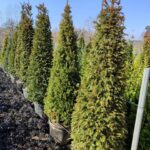 Piramit Porsuk 200-250cm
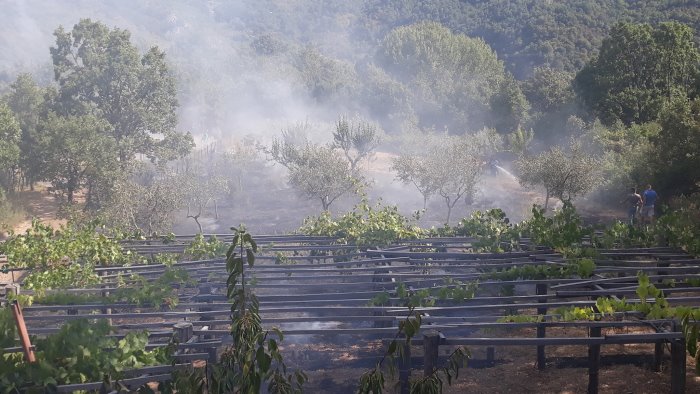 incendio a monte san giacomo fiamme in un vigneto in localita galotti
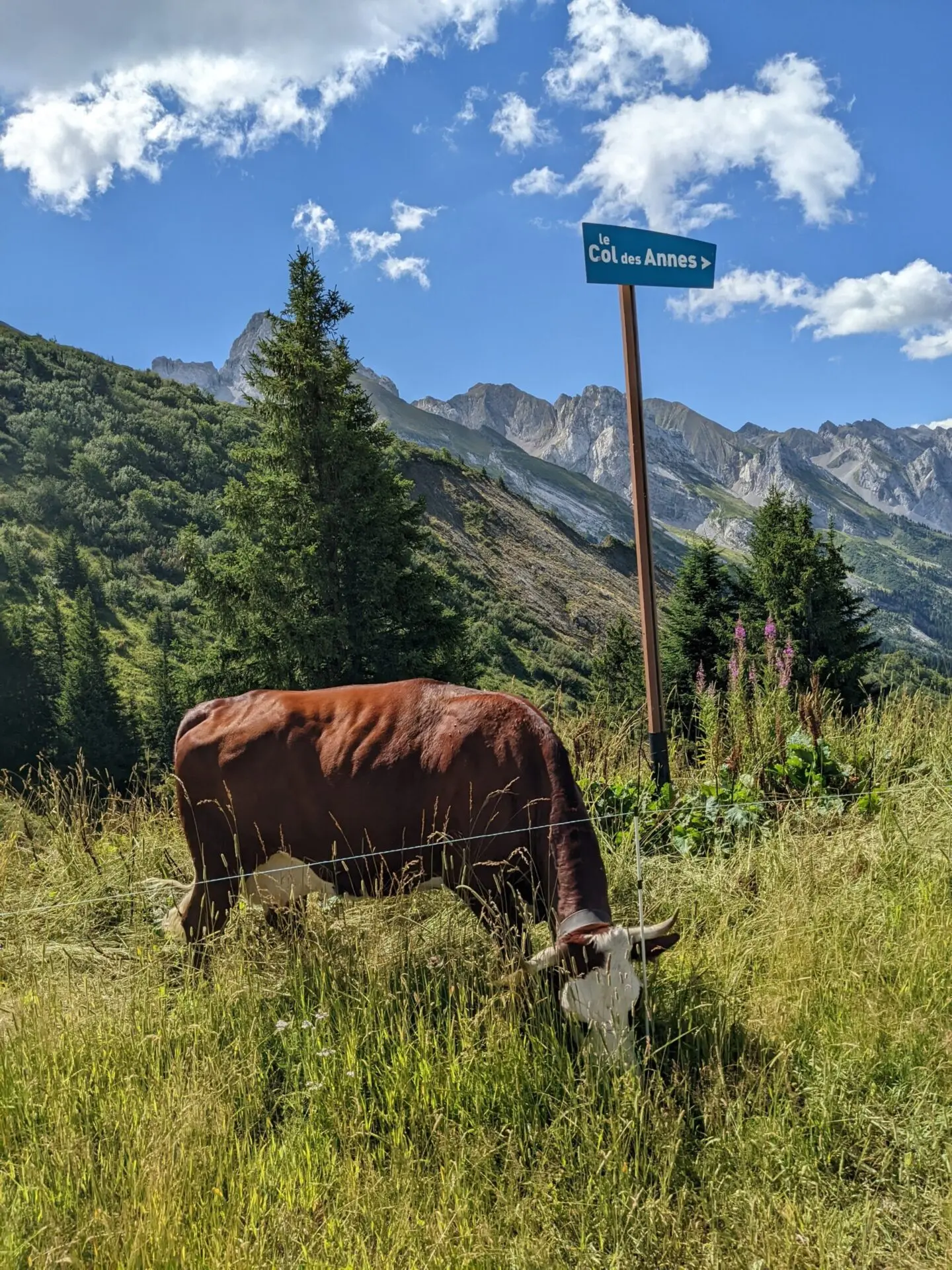 3 jours de randonnée-bivouac dans les Aravis — photo 9
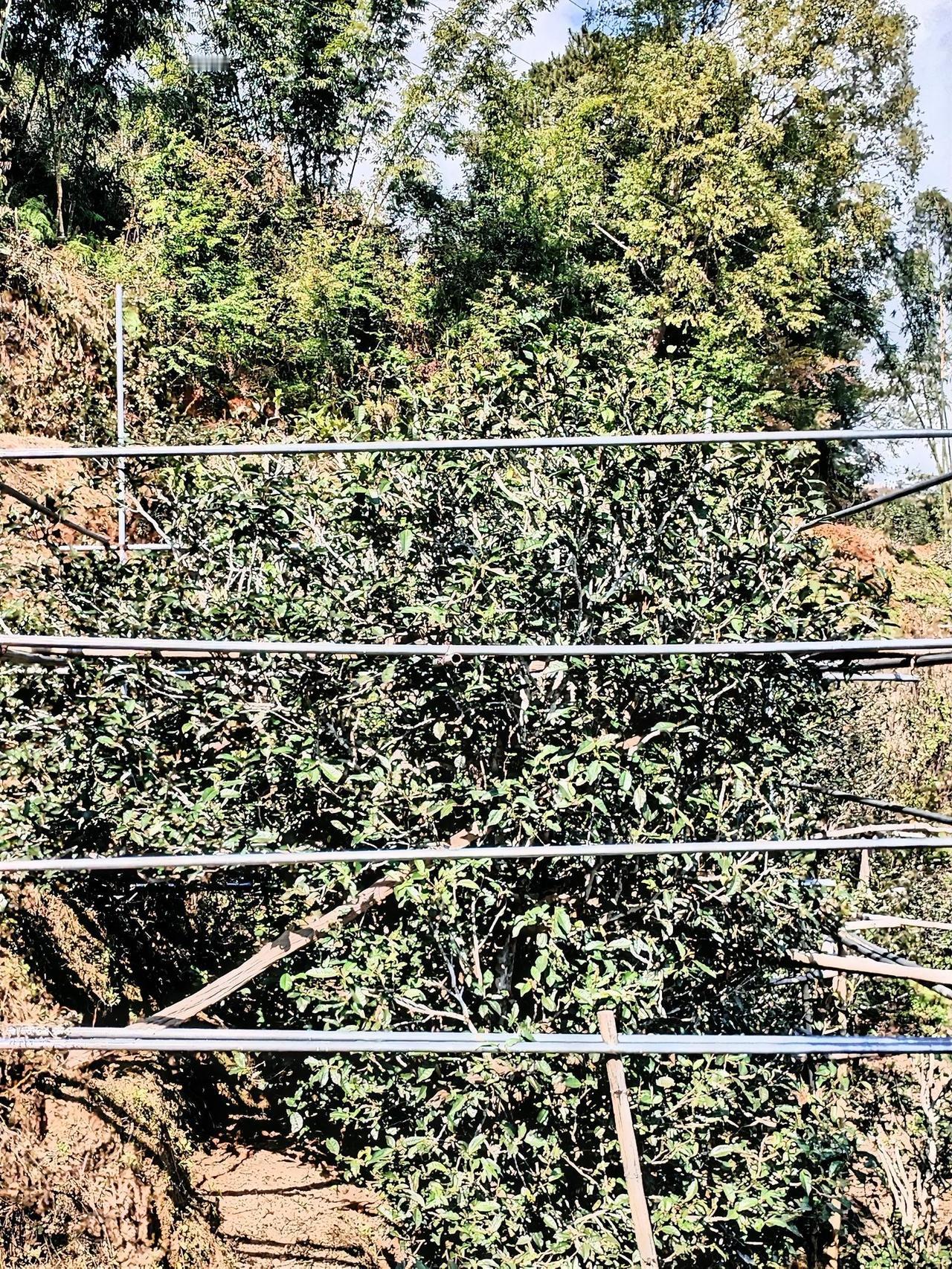 采摘时节，茶农们怀着敬畏之心小心地摘下鲜嫩的芽叶。经过精湛的制茶工艺，昔归茗茶独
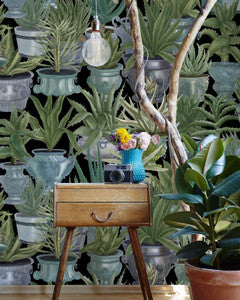 Mind The Gap Wallpaper ECHEVERIA (WP20163)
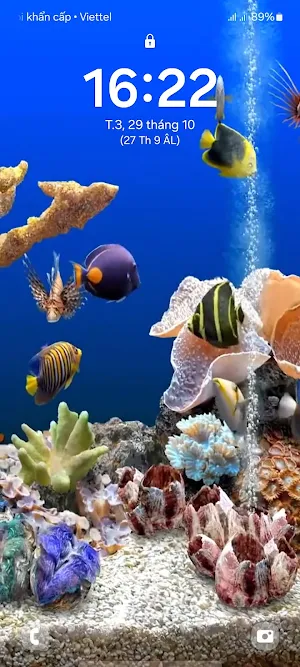 4D Fish Tank Live Wallpaper screenshot 5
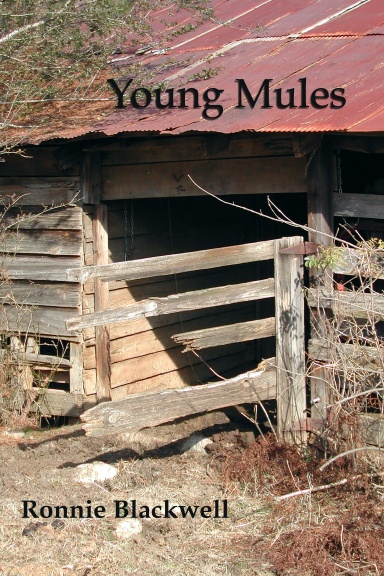 Young Mules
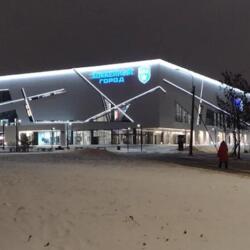 Хоккейный город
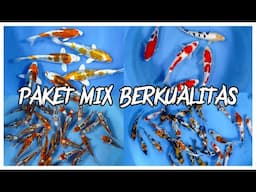 PAKET MERAKYAT FREE ONGKIR, PAKET 6 EKOR CUMA 400 RIBUAN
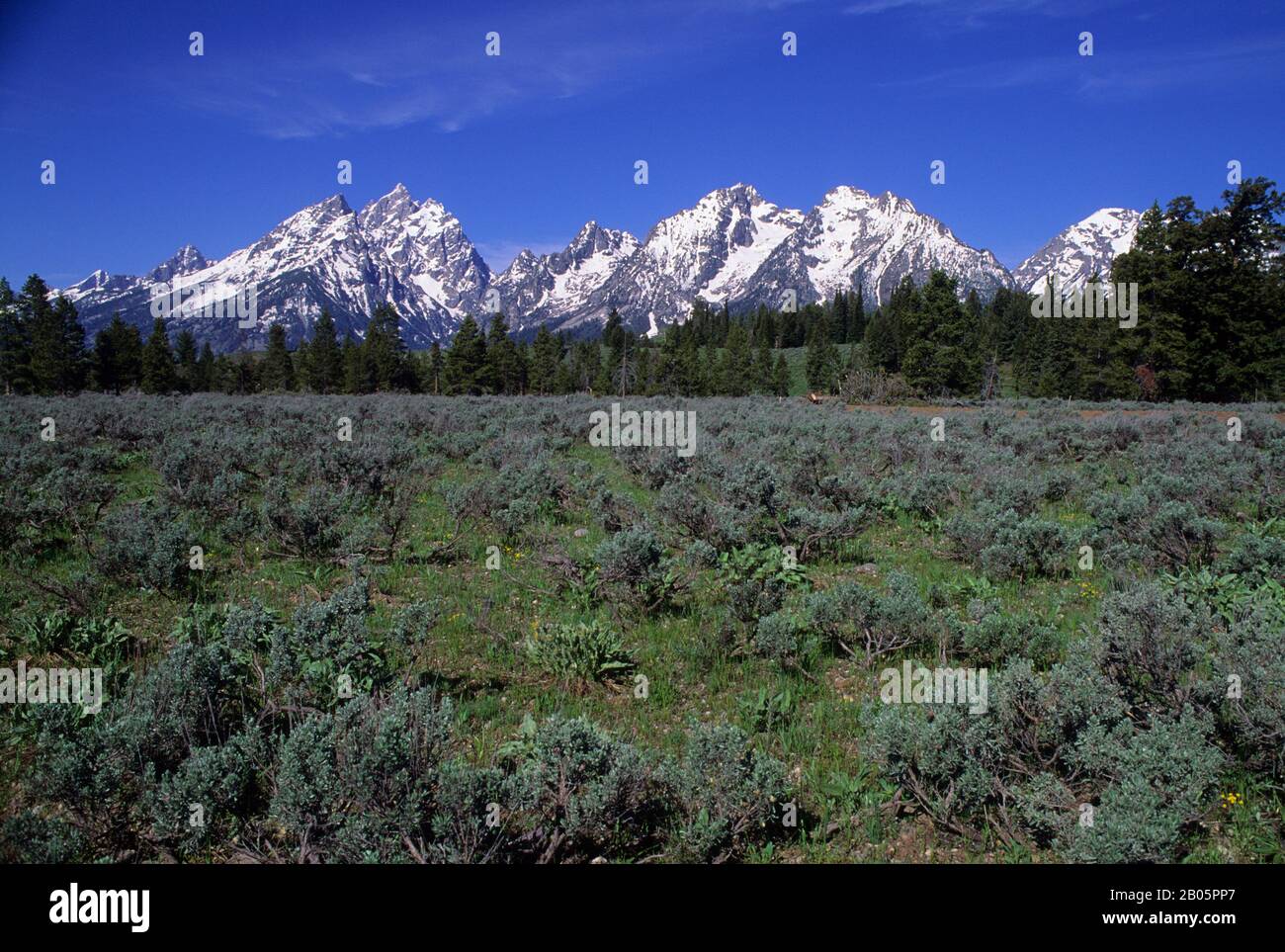 USA, WYOMING, GRAND TETON NATIONAL PARK, TETON RANGE, SAGEBRUSH Foto Stock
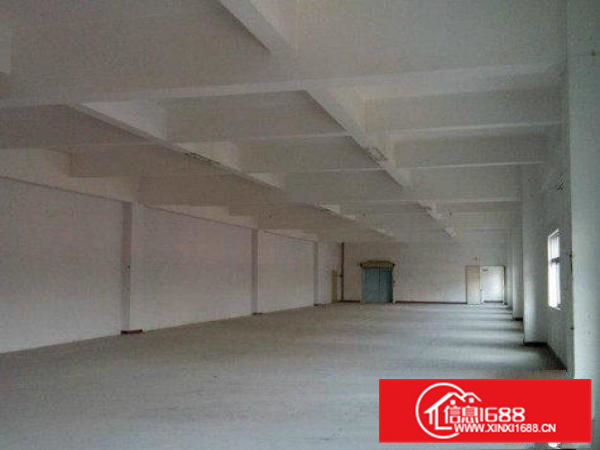 镇隆楼下村1100平标准厂房，配套齐全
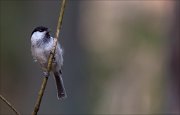 12_DSC4414_Willow_Tit_talestory_45pc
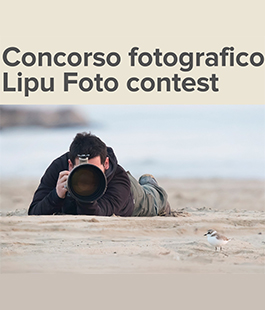 Lipu Foto Contest 2015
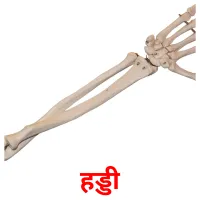 हड्डी picture flashcards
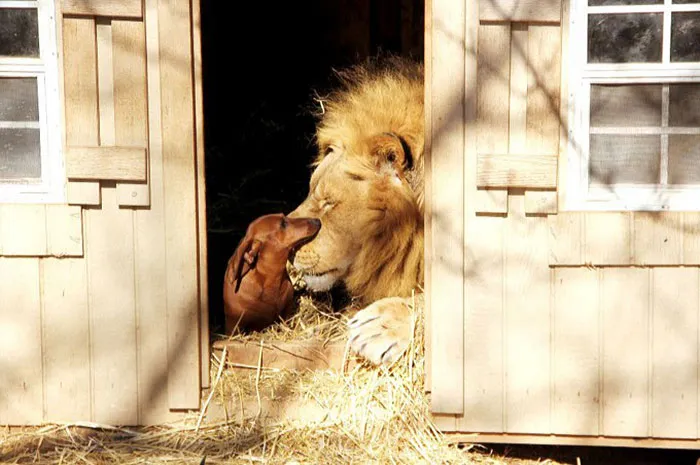Milo The Dog And Bonedigger The Lion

┄┄┄┄┄┄┄┄┄┄┄┄┄┄┄┄┄┄┄┄

What the exercise asks ->
Your task is to reproduce exactly the lines from the start of the data above through the line containing "PAKET MERAKYAT FREE", leaving every picture out.

Written response ->
 Piramit Porsuk 200-250cm
 incendio a monte san giacomo fiamme in un vigneto in localita galotti
 3 jours de randonnée-bivouac dans les Aravis — photo 9
 采摘时节，茶农们怀着敬畏之心小心地摘下鲜嫩的芽叶。经过精湛的制茶工艺，昔归茗茶独
 Mind The Gap Wallpaper ECHEVERIA (WP20163)
 4D Fish Tank Live Wallpaper screenshot 5
 Young Mules
 Хоккейный город
 PAKET MERAKYAT FREE ONGKIR, PAKET 6 EKOR CUMA 400 RIBUAN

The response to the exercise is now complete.